§ Work item
Make an exact copy of all the records, one that contains none of the pictures.

§ Given records
- - - - - - -

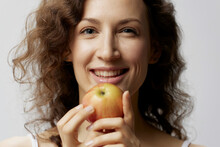 Closeup Portrait Of Cheerful Cute Curly Beautiful Woman In Basic White T-shirt Enjoy Apple Smiling Posing Isolated On Over White Background. Natural Eco-friendly Products Concept. Copy Space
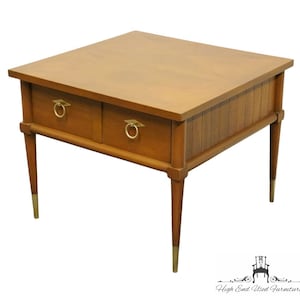 May include: A mid-century modern end table with two drawers and brass hardware. The table has a wood top and legs with brass tips. The table is in good condition and has a warm, honey-brown color.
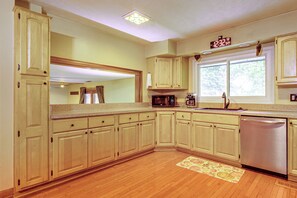 A kitchen with wooden cabinets, a microwave, a sink, and a dishwasher. - Working Travelers Welcome! Cozy New Albany Escape (New Albany)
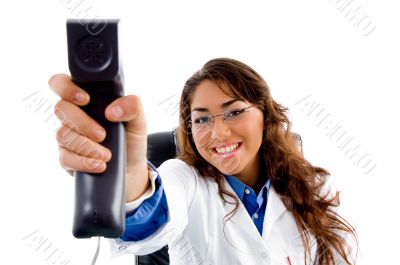 smiling doctor showing phone receiver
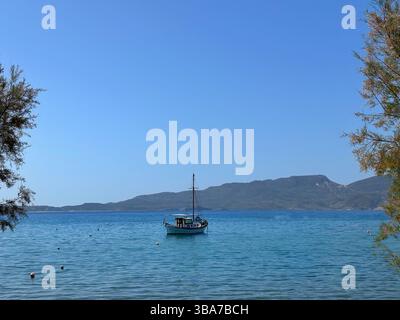 Barca a vela ancorata sulla spiaggia con sfondo montano, Adamantas, Milos, Grecia Foto Stock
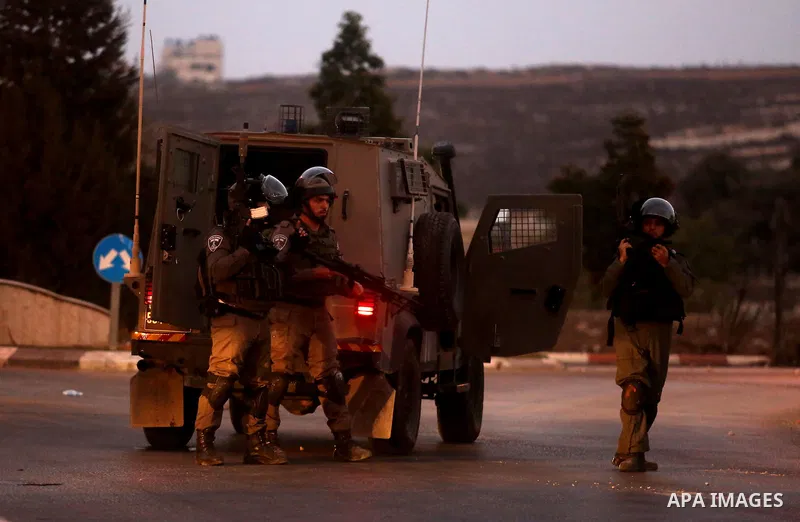 Israeli soldiers take position during clashes with Palestinian protesters close to the Jewish settlement of Bet El, in the West Bank city of Ramallah on October 4, 2015 after Israel barred Palestinians from Jerusalem's O...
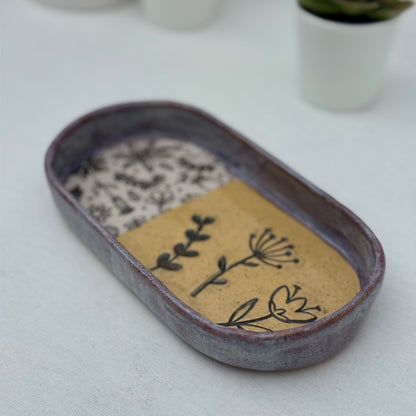 Ceramic tray with floral design on a white surface
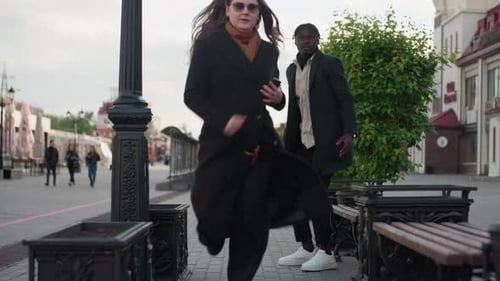 Young Girl Grabs Phone And Bag From Boyfriend Sitting On Street Bench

- - - - - - -

§ Finished exercise
 Closeup Portrait Of Cheerful Cute Curly Beautiful Woman In Basic White T-shirt Enjoy Apple Smiling Posing Isolated On Over White Background. Natural Eco-friendly Products Concept. Copy Space
 May include: A mid-century modern end table with two drawers and brass hardware. The table has a wood top and legs with brass tips. The table is in good condition and has a warm, honey-brown color.
 A kitchen with wooden cabinets, a microwave, a sink, and a dishwasher. - Working Travelers Welcome! Cozy New Albany Escape (New Albany)
 smiling doctor showing phone receiver
 Barca a vela ancorata sulla spiaggia con sfondo montano, Adamantas, Milos, Grecia Foto Stock
 Israeli soldiers take position during clashes with Palestinian protesters close to the Jewish settlement of Bet El, in the West Bank city of Ramallah on October 4, 2015 after Israel barred Palestinians from Jerusalem's O...
 Ceramic tray with floral design on a white surface
 Young Girl Grabs Phone And Bag From Boyfriend Sitting On Street Bench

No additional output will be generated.